==== Record excerpts ====

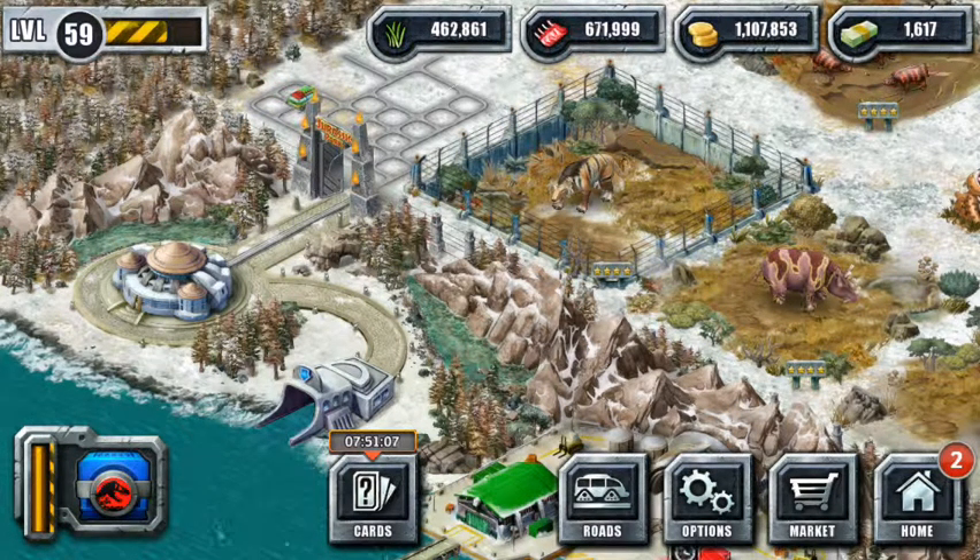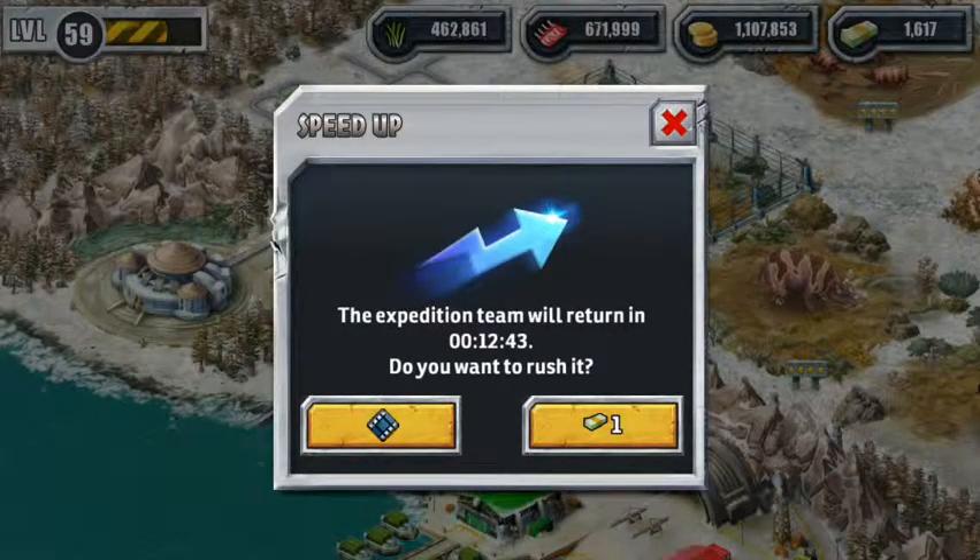Hey guys, it's Marlon here. I just wanted to show you a little trick when you want to open a capsule. Sometimes when you've only got a little time left and you want to watch a video so you don't have to pay any bucks.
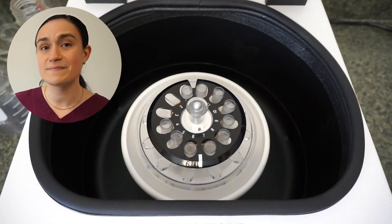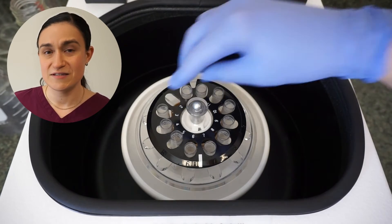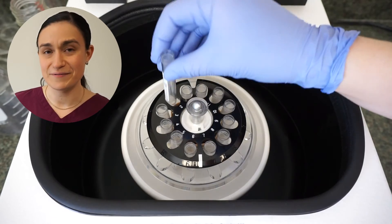And finally, if you're spinning 12 tubes, you'll simply load one into each slot on your rotor.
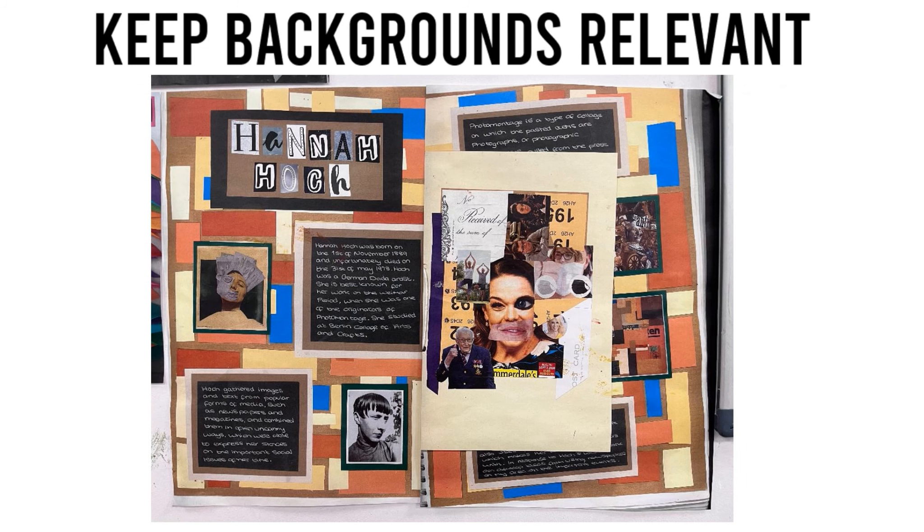Keep backgrounds relevant. Prepare your background and arrange all of your information and studies before committing to sticking them down. On artist research pages, keep your presentation relevant to the colours and the style of the artist — this helps to show a good understanding. This learner has clearly understood the style of the artist and has used collaged papers in the same colours as that of the artist to decorate her page background before mounting annotations and studies and placing them over the top.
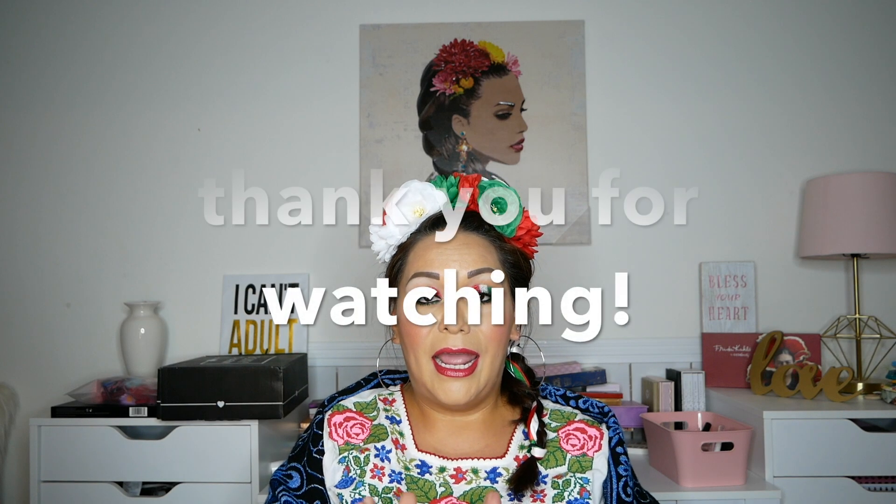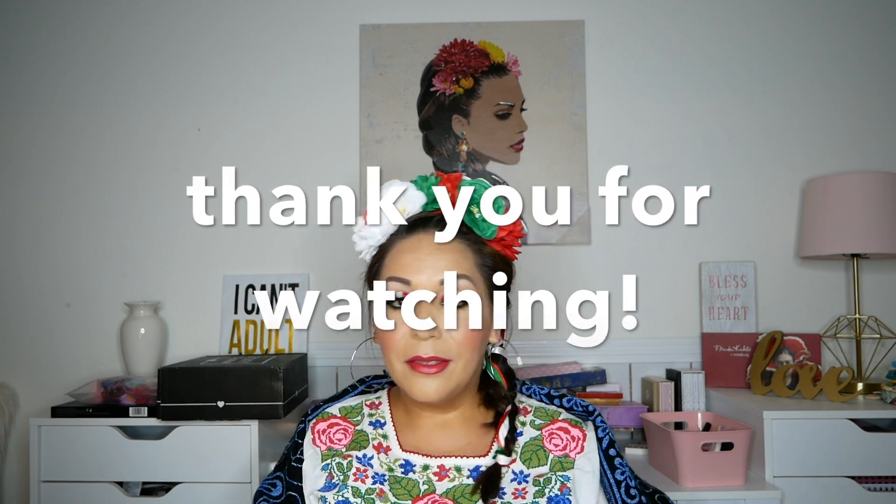If you guys want me to create any look from any country, just let me know — I'm always willing to try new things. This headband is a gift from my grandma from a long time ago. My hair is not as long as it used to be, but let me know what you think of this look. Don't forget to leave comments, and like, comment, subscribe. I hope you guys are all staying safe — bye, guys!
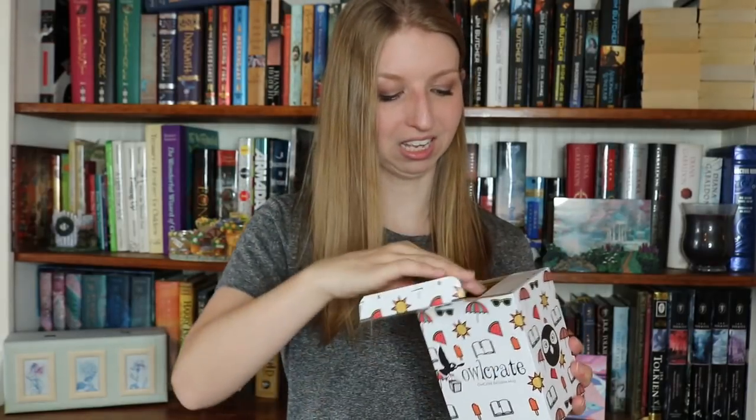This is what the card looks like. This is an Owlcrate exclusive mug — everything that comes in boxes like this gets me very excited. And this box is just so precious. It has little watermelon slices, and sunglasses, and umbrellas, and suns, and popsicles, and of course books. This is so precious, I just want to open it. Let's see what the mug is.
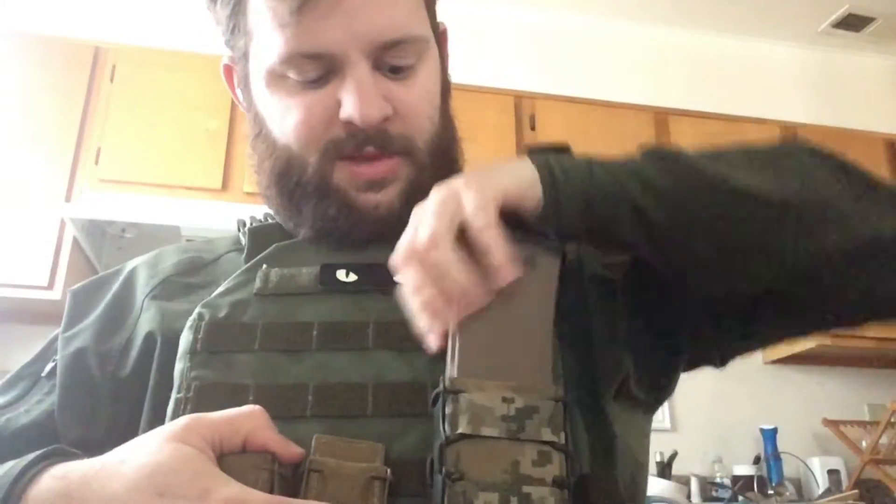I think that would be a fantastic idea because then people would be able to look at how it works for themselves and feel just how easy it is to switch out between different things, like this Hi-Capa — which I do think would work better in the extended SMG pouch, but still it fits really well.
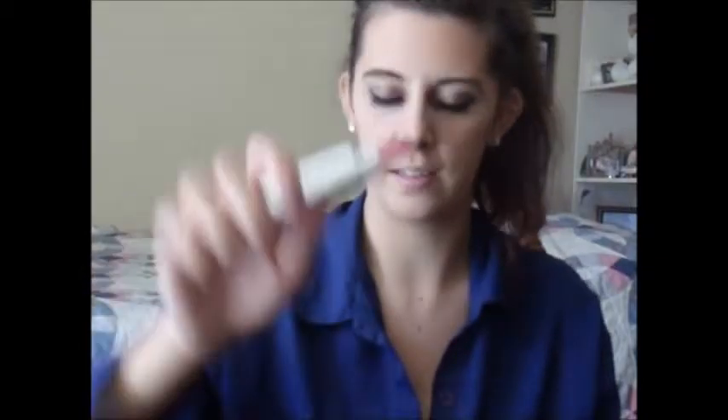Last but not least, I'm going to use my Avon lip product — something like a lip balm or tinted gloss.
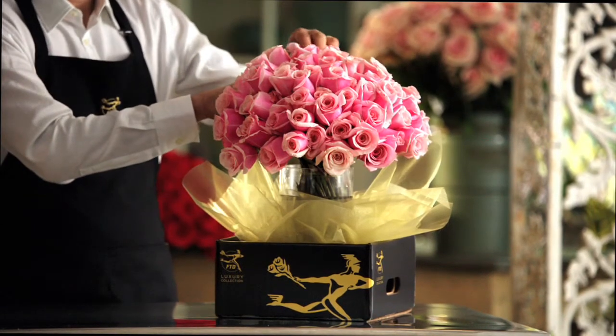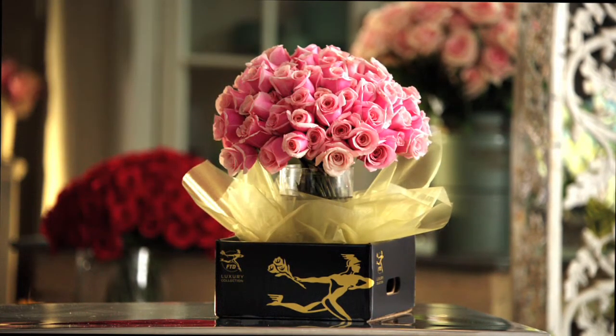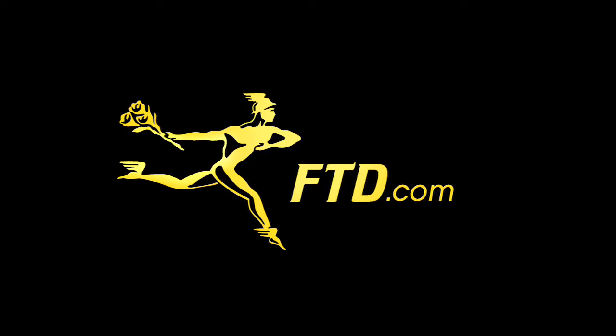Send her flowers. Whether she's around the corner or halfway around the world, use FTD.com to send mom a beautiful arrangement this Mother's Day. FTD.com.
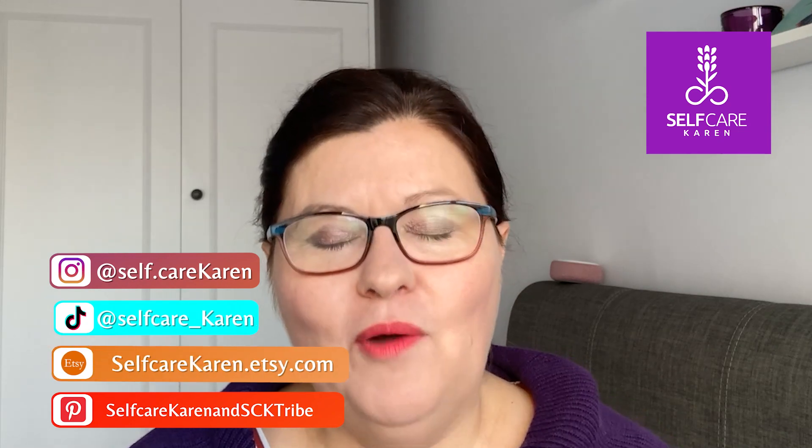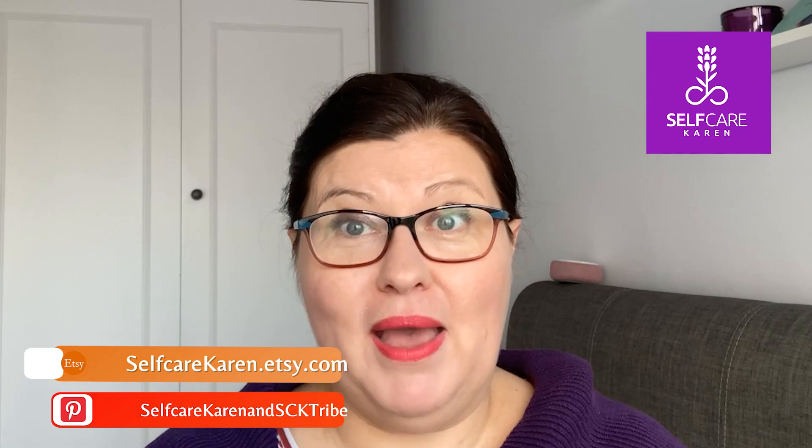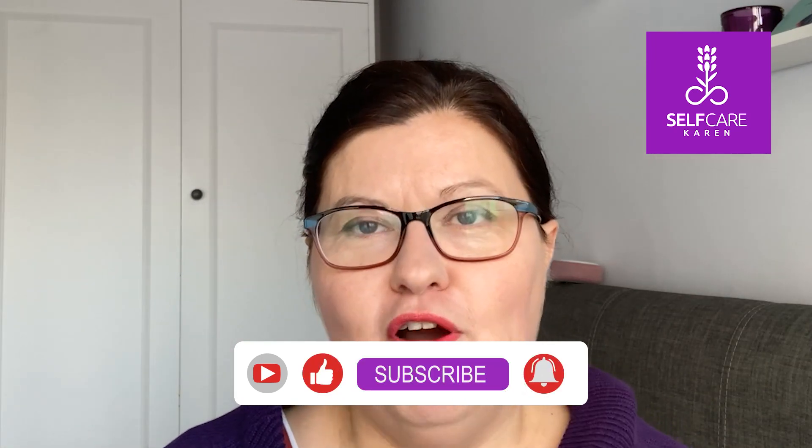Welcome back to Self Care Karen. Self Care Karen is all about empowering busy women to feel their best and give their best. On this YouTube channel I share a mixture of videos around self-care like this one with EFT tapping, but I also upload beauty product related videos every Friday.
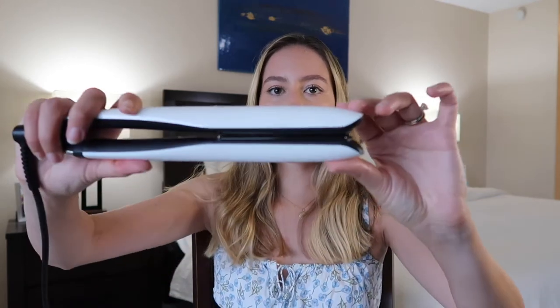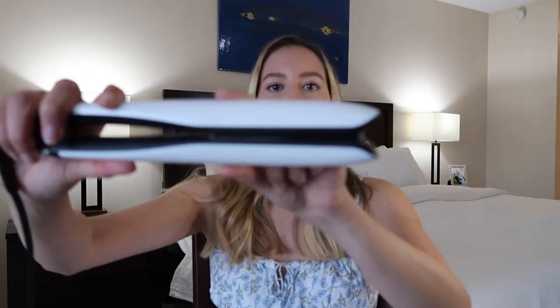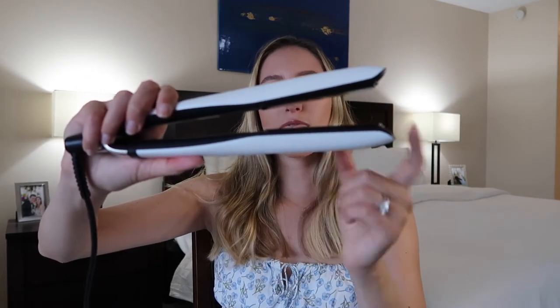This hair straightener retails for $280 right now, but I got it for a couple of reasons. Number one was that I knew it was really good at curling the hair because, as you can see, it is actually curved on the edge — it's almost like a little semi-circle. So that's important when you are curling your hair.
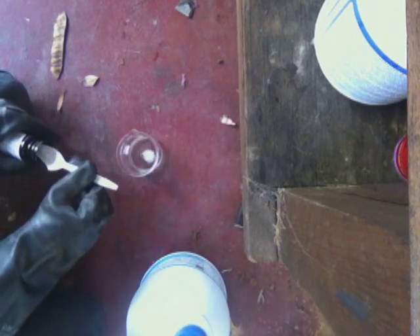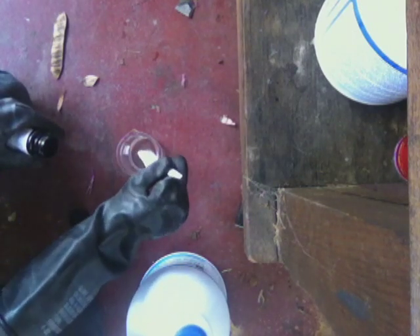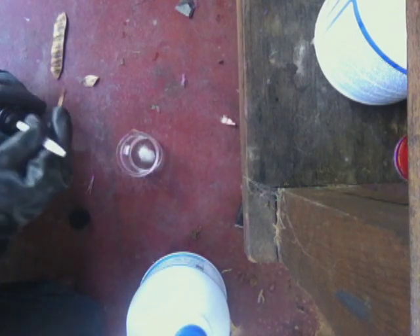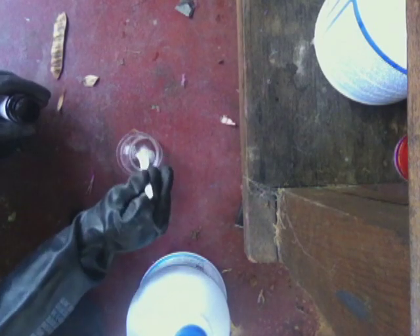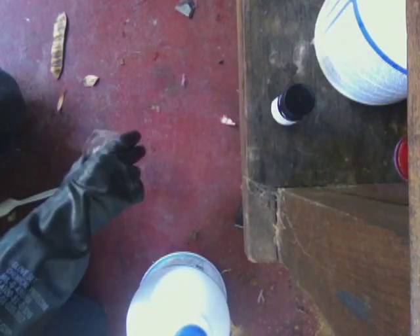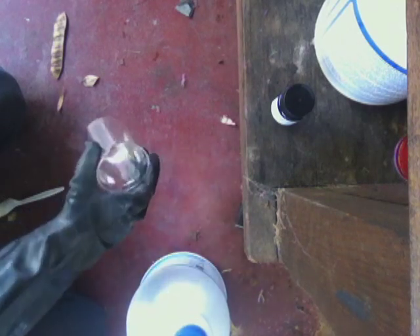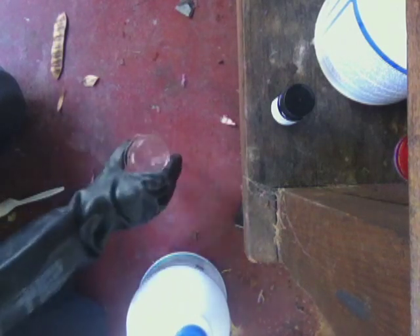I'm going to add about a gram. This stuff is quite water soluble, so you don't need much water to dissolve it — about a gram to this — and just dissolve it up. As you can see there, it's all dissolved, no color change appearance right now.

====

From the first line to the last, transcribe the listing exactly; skip the pictures.

Hey guys, it's Marlon here. I just wanted to show you a little trick when you want to open a capsule. Sometimes when you've only got a little time left and you want to watch a video so you don't have to pay any bucks.
And finally, if you're spinning 12 tubes, you'll simply load one into each slot on your rotor.
Keep backgrounds relevant. Prepare your background and arrange all of your information and studies before committing to sticking them down. On artist research pages, keep your presentation relevant to the colours and the style of the artist — this helps to show a good understanding. This learner has clearly understood the style of the artist and has used collaged papers in the same colours as that of the artist to decorate her page background before mounting annotations and studies and placing them over the top.
If you guys want me to create any look from any country, just let me know — I'm always willing to try new things. This headband is a gift from my grandma from a long time ago. My hair is not as long as it used to be, but let me know what you think of this look. Don't forget to leave comments, and like, comment, subscribe. I hope you guys are all staying safe — bye, guys!
This is what the card looks like. This is an Owlcrate exclusive mug — everything that comes in boxes like this gets me very excited. And this box is just so precious. It has little watermelon slices, and sunglasses, and umbrellas, and suns, and popsicles, and of course books. This is so precious, I just want to open it. Let's see what the mug is.
I think that would be a fantastic idea because then people would be able to look at how it works for themselves and feel just how easy it is to switch out between different things, like this Hi-Capa — which I do think would work better in the extended SMG pouch, but still it fits really well.
Last but not least, I'm going to use my Avon lip product — something like a lip balm or tinted gloss.
Send her flowers. Whether she's around the corner or halfway around the world, use FTD.com to send mom a beautiful arrangement this Mother's Day. FTD.com.
Welcome back to Self Care Karen. Self Care Karen is all about empowering busy women to feel their best and give their best. On this YouTube channel I share a mixture of videos around self-care like this one with EFT tapping, but I also upload beauty product related videos every Friday.
This hair straightener retails for $280 right now, but I got it for a couple of reasons. Number one was that I knew it was really good at curling the hair because, as you can see, it is actually curved on the edge — it's almost like a little semi-circle. So that's important when you are curling your hair.
I'm going to add about a gram. This stuff is quite water soluble, so you don't need much water to dissolve it — about a gram to this — and just dissolve it up. As you can see there, it's all dissolved, no color change appearance right now.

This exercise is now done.